Master Spark fundamentals & optimizations 

Streamhub’s all-in-one notes on how to optimize & scale Spark jobs for something more than a POC

At Streamhub, we deal with many forms of data like user’s (every minute) player viewership data, user’s commerce data, user’s subscription information, metadata feeds, metadata front-loaded, user panels, and several other third-party datasets. It is easy to imagine the amount of work required to unify these various forms of data from various sources and ingest them into our ecosystem and making them richer, standard and useful to our clients. At some point, we were running hundreds of jobs daily, crunching over terabytes of data to support our extensive use-cases. All this heavy lifting is done by Apache Spark running over AWS Elastic MapReduce, in the Yarn mode.

In the last two years, we have learned massively about how to optimize Spark jobs over EMR. Writing your first job in Spark might take a day or two but learning to tune Spark takes months if not years. This article was initially created as internal team notes which I am now publishing hoping more people can benefit from it. This covers almost everything you should know to run your Spark jobs efficiently (on EMR/Yarn but covers general aspects as well) which comprises of performance optimizations, resource allocations, cost reductions, understanding important concepts, common mistakes in coding/configuring jobs, common exceptions and some must-reads/watch about Spark we have found over time. Right, literally everything!

This article will touch upon the following topics: 

EMR Instance-types: Understand your workload and use specialized instances
EMR Purchasing options: choose the right option to optimize cost for your use-case: Spot or Spot Fleet or Spot blocking
Resource utilization: Configure your spark cluster to fully use your resources
— Static resource allocation
— — Understanding Spark’s memory usage is important
— Dynamic resource allocation
GC Tuning
Bad code and related problems
— Avoid shuffle
— Some preferred methods: ReduceByKey over GroupByKey
— Avoid serialization of the whole object
— Operations reordering
— Improve Joins
— — Using Broadcast variable (Joining very large datasets with a relatively small dataset)
— — Using filters pre-join (Joining very large datasets with a mid-sized dataset)
Degree of parallelism
— Repartition
— Coalesce
More on partitioners
Choice of serializer
Dedicated Spark local directories
Writing to databases
Data storage formats: Parquet, ORC, Databricks Delta & compression options
Caching intermediate datasets
Use higher-level APIs: Dataframes/Datasets

This article was originally on Medium, in case you find this format is easier to read:  https://medium.com/@sambodhi_72782/spark-tuning-manual-47b98ccb2b2c

Reducing your processing cost is important, also because lower is the cost, better resources you can get for your spending and lower effort you have to make in improving the performance.

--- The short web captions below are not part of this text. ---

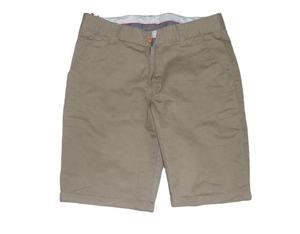 Pantalones Cortos Bermuda Casuales de Algodón 100% de Calidad de Marca para Hombre, Cintura Media, Ecológicos, con Estampado Digital - Product Image 5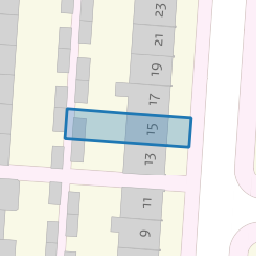 Perceel WSL01-L-1165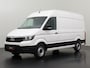 MAN TGE 2.0TDi 140PK DSG Automaat L3H3 | Multimedia | Camera | 3-Zits | Betimmering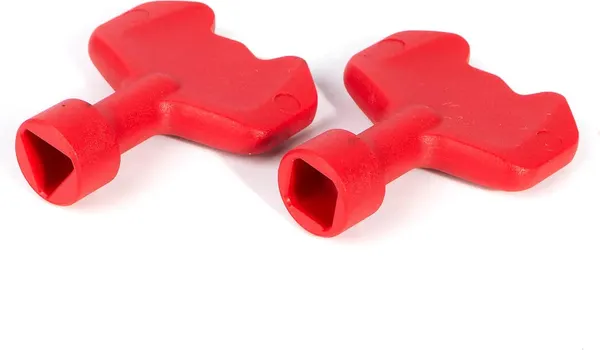 Набор отверток КВТ Профи НИО-12 / 103016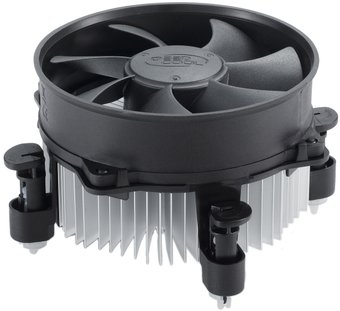DeepCool ALTA 9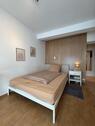 Foto - Einlieger Apartment möbliert ab 1125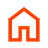 Houes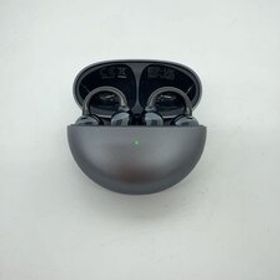 Huawei◆イヤホン FreeClip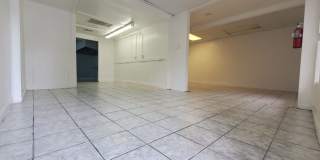 2100-2178 Mears Parkway Unit - 2134-2136 Gallery 1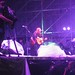 Patti Walker Photo 23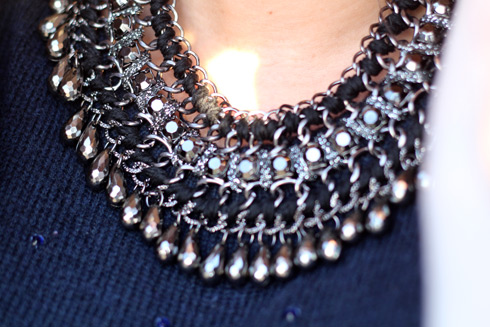 NewStuff_LostinVogue_10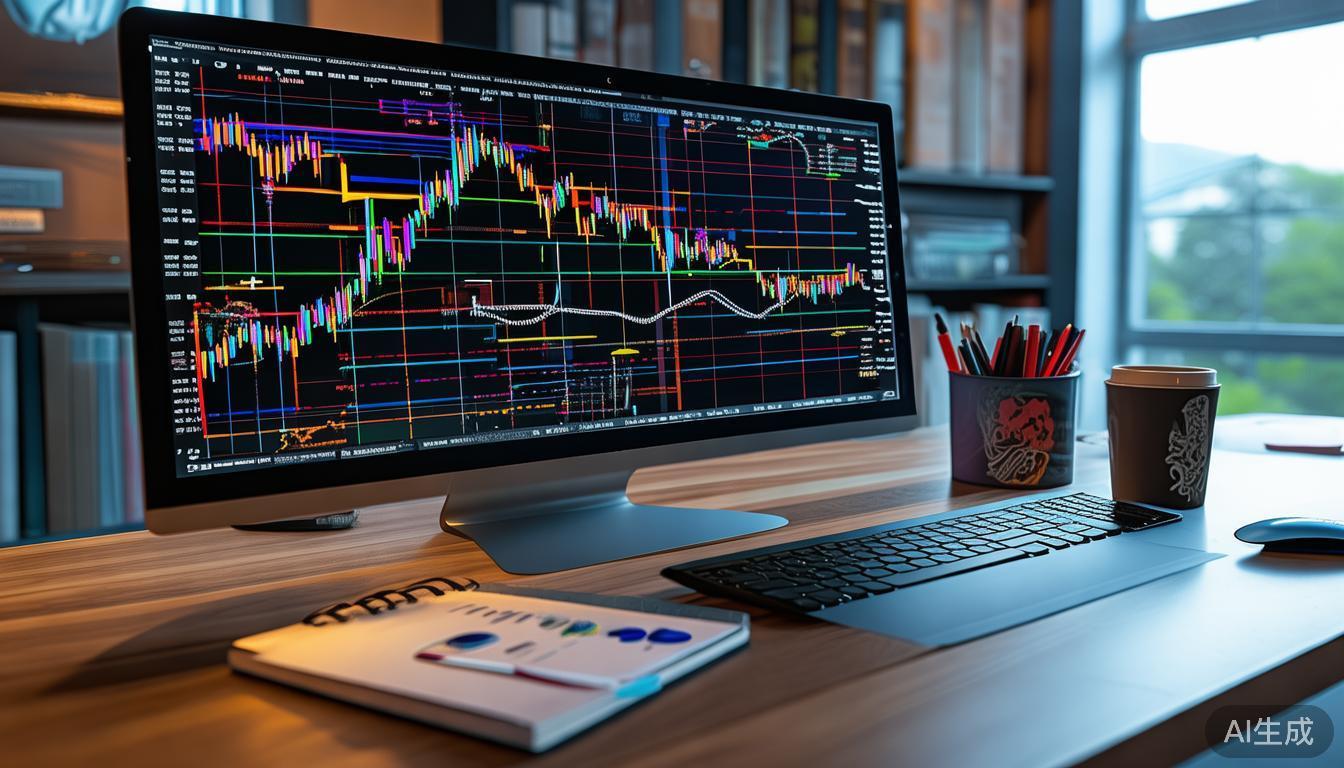 Tokenim交易分析工具_资金流向追踪分析_如何在tokenim正版app中利用交易分析工具，帮助您做出更加智能化的投资决策？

Instance-types: Understand your workload and use specialised instances

  • ML mostly CPU intensive, ETL mostly IO intensive
  • Spark is incredibly memory intensive, we use memory optimized instance types like r4 or newer r5 family instances.

Purchasing options: choose the right option to optimize cost for your

use-case: Spot or Spot Fleet or Spot blocking

  • Spot: Spot instances can help reduce your EC2 costs by 40–80%.
  • Spot Fleet: The advantage of using a Spot Fleet is that instead of specifying the instance types you want, you can specify your computing and memory capacity requirements. Also, you can specify multiple subnets/availability zones. AWS will provide the available instances which fulfill that requirement. This profoundly increases your chance of getting Spot Instances.
  • Spot Block: Spot Instances with a specified duration are designed not to be interrupted and will run continuously for the duration you select. AWS charges more for blocking, but still much less than on-demand. You can also specify the duration for which it will continue to look for spot instances before switching to on-demand instances.

Good reads:

https://docs.aws.amazon.com/AWSEC2/latest/UserGuide/spot-requests.html#fixed-duration-spot-instances

https://aws.amazon.com/blogs/aws/new-ec2-spot-blocks-for-defined-duration-workloads

A common problem we noticed related to this was instances being blacklisted from cluster or cluster resizing unexpectedly. It is more common to see this in long-running jobs when it tries to reacquire the instances and causing the tasks/jobs to fail, which after a couple of retries may lead to this. You can see the instances blacklisted in Spark console and you can check EMR console if see if the problem was due to instances being unavailable:

Resource utilisation: Configure your spark cluster to fully use your resources

Static resource allocation

When you configure your cluster, to fully utilize your resources ensure the following equation holds true:

M = spark.executor.memory + spark.yarn.executor.memoryOverhead (by default 0.1 of executor.memory) < container-memory.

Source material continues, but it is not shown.